## DIRECTIONS FOR THIS TASK
Please make an exact copy of the lines from the one holding "2018 RAM 2500 Tradesman full" through the end of the data, both ends included, with no pictures.

==== SOURCE DATA

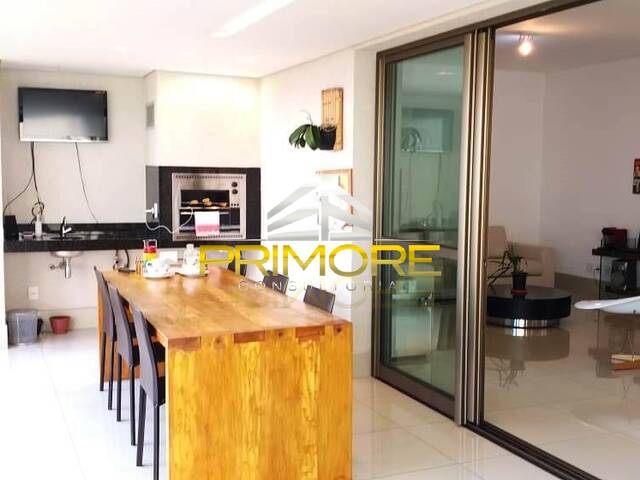 #PRI1083 - Apartamento para Locação em Nova Lima - MG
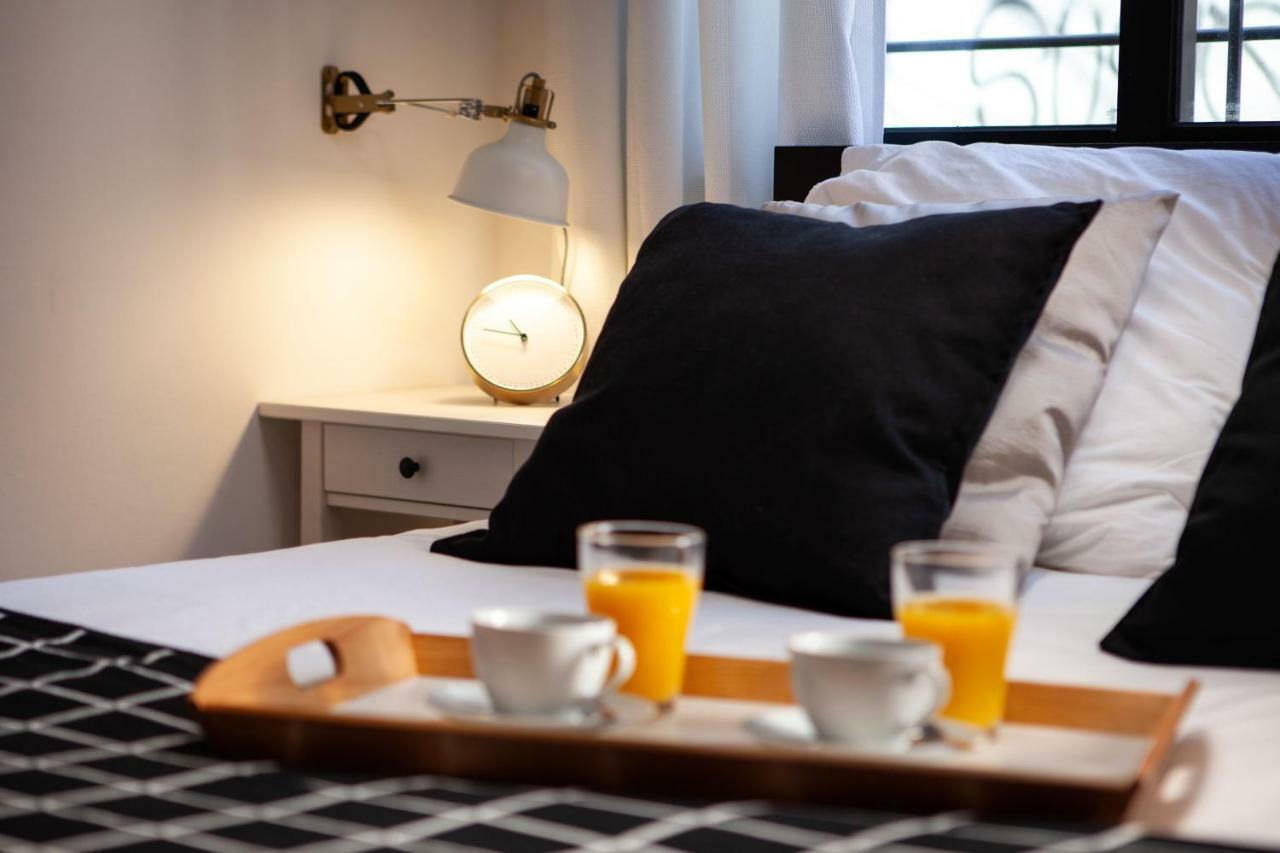 Apartment Malaga Center 외부 사진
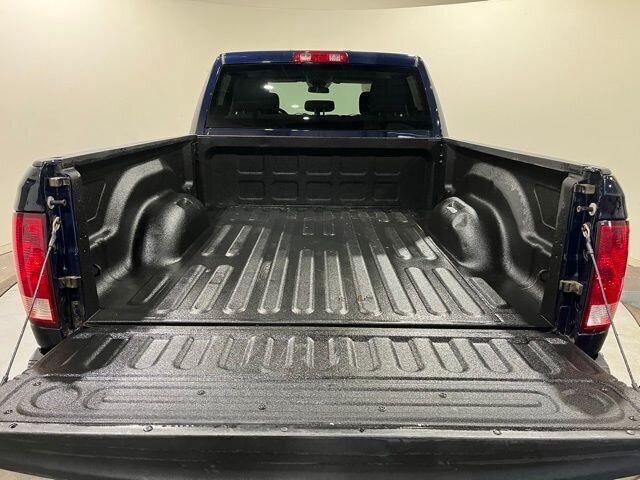 
 2018 RAM 2500 Tradesman full									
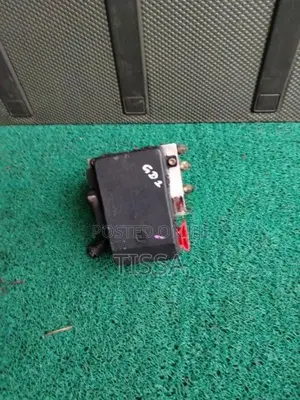 Honda Fit GD1 ABS Unit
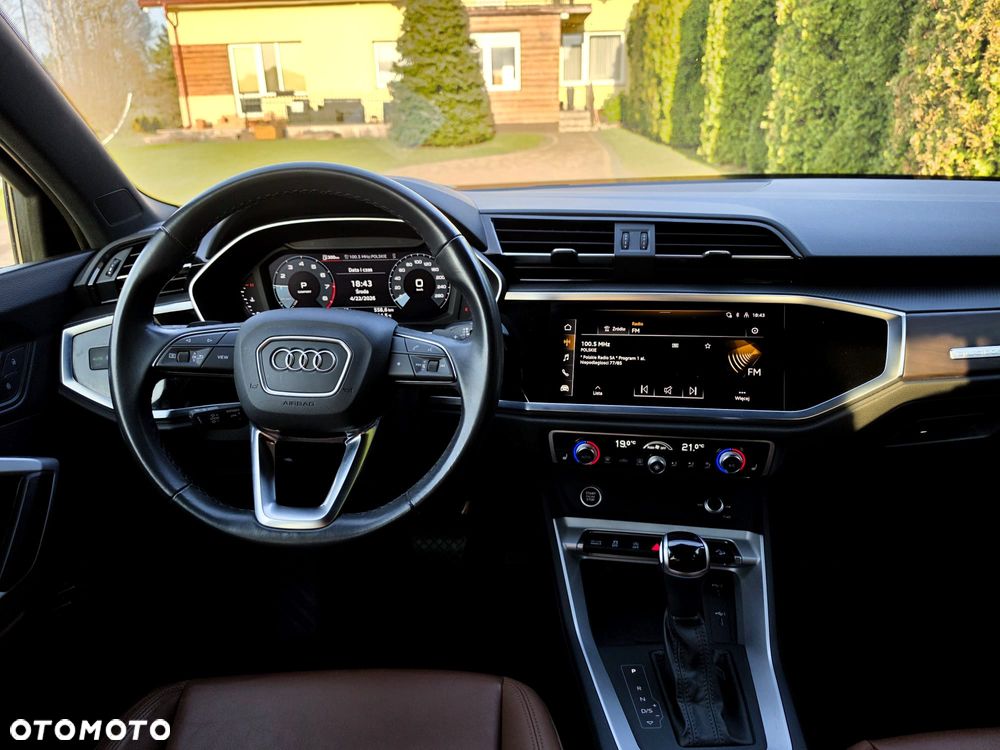 Audi Q3 45 TFSI Quattro S tronic S line - 11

========

## FINAL ANSWER
 2018 RAM 2500 Tradesman full									
 Honda Fit GD1 ABS Unit
 Audi Q3 45 TFSI Quattro S tronic S line - 11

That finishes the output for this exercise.